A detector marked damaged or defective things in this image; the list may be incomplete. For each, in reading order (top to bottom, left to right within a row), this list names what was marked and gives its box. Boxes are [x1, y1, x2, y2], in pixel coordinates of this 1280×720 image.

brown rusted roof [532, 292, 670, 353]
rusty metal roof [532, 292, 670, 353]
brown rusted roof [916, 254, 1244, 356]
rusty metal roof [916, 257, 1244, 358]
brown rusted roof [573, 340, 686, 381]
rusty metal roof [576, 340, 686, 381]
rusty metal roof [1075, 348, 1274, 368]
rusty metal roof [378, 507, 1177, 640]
------
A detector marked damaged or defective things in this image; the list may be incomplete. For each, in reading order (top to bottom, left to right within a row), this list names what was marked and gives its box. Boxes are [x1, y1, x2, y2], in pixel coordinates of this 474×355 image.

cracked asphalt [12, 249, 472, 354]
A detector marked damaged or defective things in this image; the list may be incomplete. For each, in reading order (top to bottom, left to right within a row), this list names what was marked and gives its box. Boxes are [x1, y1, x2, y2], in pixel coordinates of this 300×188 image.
------
> Activity
Give back exactly the lines of the listing above that run from the line with "this 474×355 image." to the line with "this 300×188 image.", inclusive.

> Output below
A detector marked damaged or defective things in this image; the list may be incomplete. For each, in reading order (top to bottom, left to right within a row), this list names what was marked and gives its box. Boxes are [x1, y1, x2, y2], in pixel coordinates of this 474×355 image.

cracked asphalt [12, 249, 472, 354]
A detector marked damaged or defective things in this image; the list may be incomplete. For each, in reading order (top to bottom, left to right within a row), this list names what was marked and gives its box. Boxes are [x1, y1, x2, y2], in pixel coordinates of this 300×188 image.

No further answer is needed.